Responding to Secular Views of the Human Person
Watch Josh Brahm’s speech at Fresno Pacific University’s Evidence 2014 conference.
Josh explains the Equal Rights Argument and the three different ways you can make a positive case for fetal personhood: Imago Dei, the Rational Nature Argument, and Don Marquis’ Future of Value Argument.
22:31 “I think if your view, if correctly understood, entails that infanticide would not be that morally problematic, I think that is at least a huge weakness in your view, if not a defeater of your view.”
Probably when you say “weakness/defeater,” you mean not only that the view seems incorrect to you, but also that you would expect it to seem incorrect to almost everyone.
I would also expect that it would.
Assuming that we’re both right, where do you think that moral intuition in everyone comes from? And suppose your own preferred answer to this question is a religious one, but the person you’re talking with asks the same question and would not accept a religious answer, would you have any answer?
(For this question, many examples of moral intuitions could have been used, of course, not only this zoo/infanticide example. My question is not about the example, but about where moral intuitions in general come from.)
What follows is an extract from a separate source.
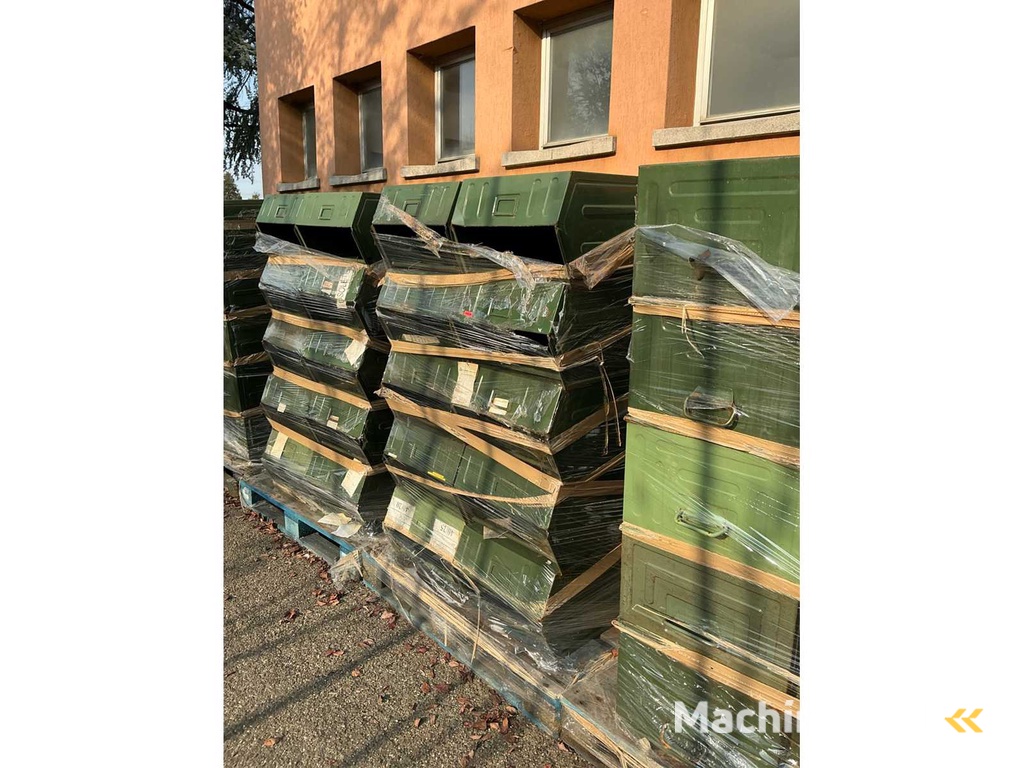 Stapelbare Kisten (120x)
Great question. Much can be said about this that I expect Tim and I to get into more thoroughly in the future, but this may add a little clarity.
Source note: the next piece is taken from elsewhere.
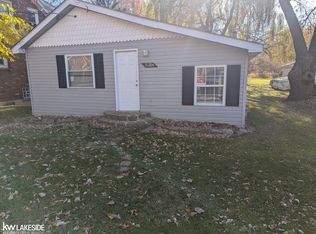 38204 Main St, New Baltimore, MI 48047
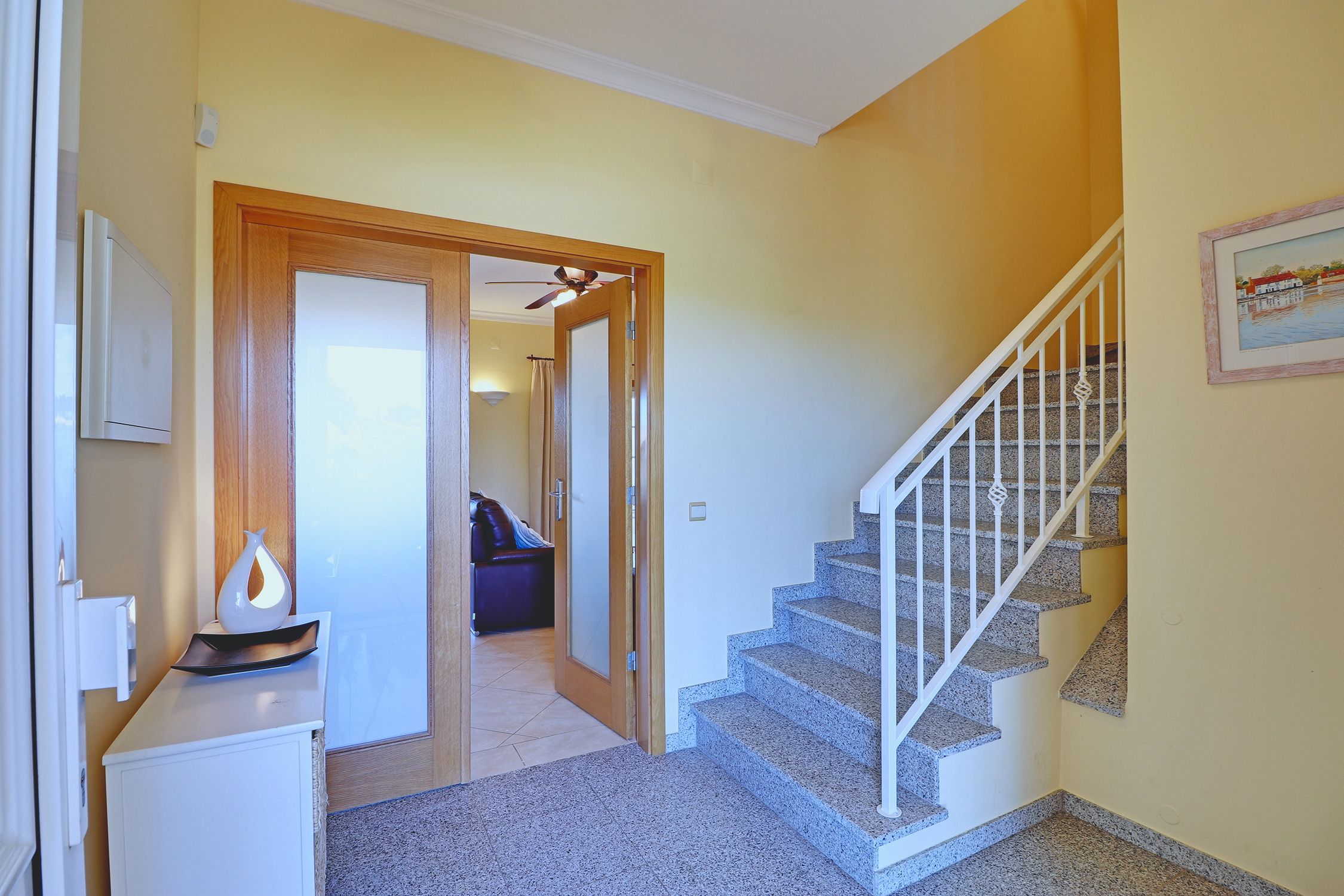Die Diele des Casa Antonius, mit der Treppe ins Obergeschoss und dem Durchgang zum Wohnzimmer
From an epistemic level, I am taking a clear Particularist approach in that part of the speech.
In short, I am claiming that “infanticide is seriously morally wrong” is a properly basic belief, and while it can be defended in multiple ways, I’m not convinced it needs to be defended. I don’t think there are very many beliefs that fall in the “properly basic” category, but right now I am comfortable with putting “infanticide is seriously morally wrong” in that category. Some of my philosophical friends who ascribe to Methodism would obviously reject this move.